China Bans Anonymous Internet Messages
Many Chinese have begun to express their opinions on social problems via online forums. Recently, though, the Chinese Communist regime confirmed that it will implement a real-name system for the Internet, and that people can no longer post anonymously.
According to the Chengdu Daily and other media in mainland China, Wang Chen, vice deputy of the Chinese Propaganda Department and director of the State Council Information Office, in an official seminar about the Internet, announced that anonymous posting functions on news websites and major business websites have been removed.
According to Hong Kong Takungpao, the State Council Information Office issued a notice in July 2009 “requiring all news websites to cancel their current follow-up message-posting function and implement a real-name registry system. Registrants would not only have to register their real names, but also their personal identification numbers and other information before posting on a news website. Only after confirmation of the identification could he or she send feedback or post information.
China‘s consideration of a real-name system is not something new. It has been a heated topic for years. However, Wang’s speech is considered a signal that the regime clearly intends to implement the policy for the first time.

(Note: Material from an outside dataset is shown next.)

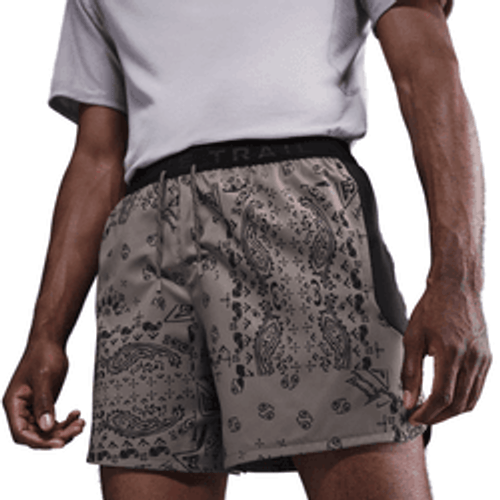 MENS DF 6" TRAIL SHORT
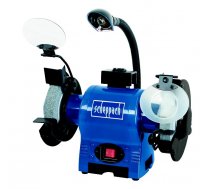 Divripu slīpmašīna BG150, Scheppach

In his announcement, Wang said, “Identification for users on the internet is being explored.” The industry interpreted Wang’s words as confirmation that the real-name system has been implemented.
Wang also said, “The real-name system … is being promoted actively and steadily,” and “A real-name Internet system, as well as a system for cell phones, will be implemented as soon as possible.”

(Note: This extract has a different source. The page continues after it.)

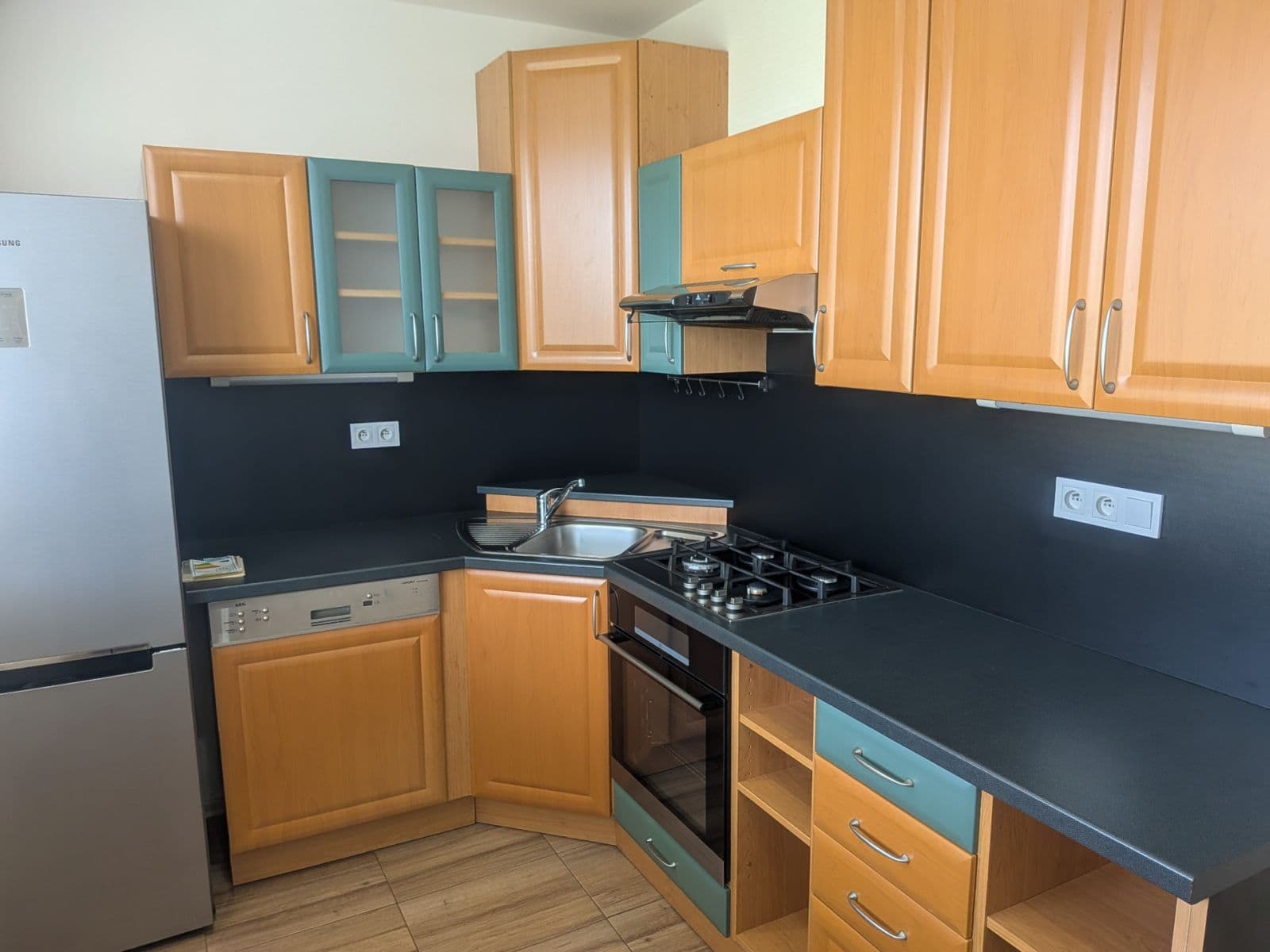 3 bedroom flat to rent, 55 m², Výškovická, Ostrava, Moravskoslezský Region 3 bedroom flat to rent, 55 m², Výškovická, Ostrava, Moravskoslezský Region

Wang admitted, “The Internet is a global open-information system. As long as China is connected with international websites, different kinds of harmful information can appear on the Internet in China. As long as China’s Internet is open to the public, netizens’ comments can be expressed.” He said that China is currently in a period of social transformation with rapid development and prominent social conflicts. Thus, those social conflicts and problems are unavoidably reflected on the Internet.

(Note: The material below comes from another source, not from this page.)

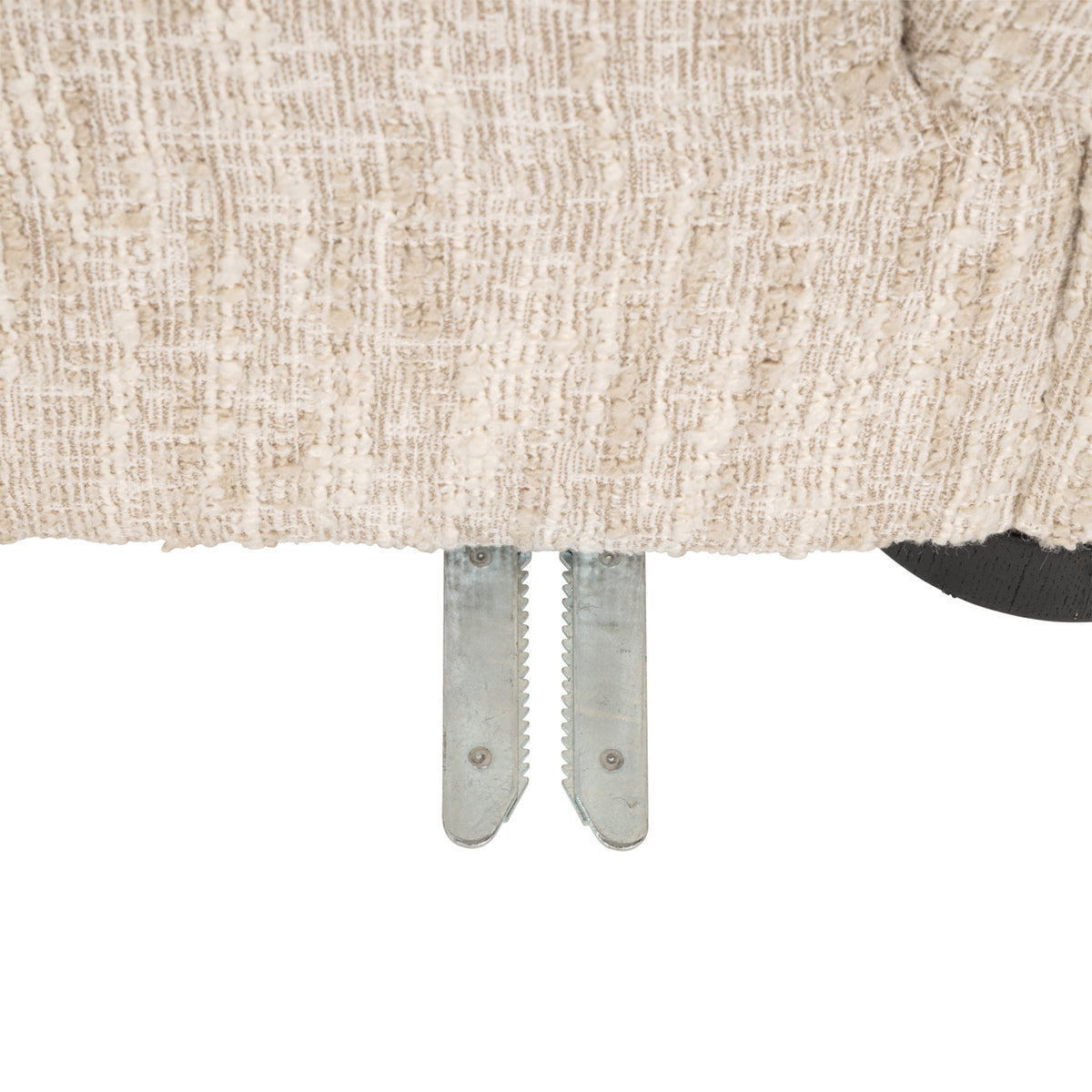 Richmond Möbel Sofa Pandora beige angora | 213986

Gu Xiaosong, a representative of the People’s Congress (the communist rubber stamp parliament), says he believes it will prevent some people from arbitrarily publishing false information.
Liu Ling, another representative of the People’s Congress, said that, because the Internet is both open and covert, if it is not regulated, it will enable personal attacks and even “online violence.”
However, many netizens and scholars are against the policy, contending that such a system will shrink channels for citizens to express their opinions.
Yang Jianhua, Deputy Director of Zhejiang Academy of Social Sciences, said, “The Internet is becoming an important channel for citizens to express their needs because of is its anonymity and amplifying effect. It protects people’s security, and their voices cannot be ignored.”
A net surfer, shocking wind, commented. "It looks like the chances to speak the truth are getting less and less."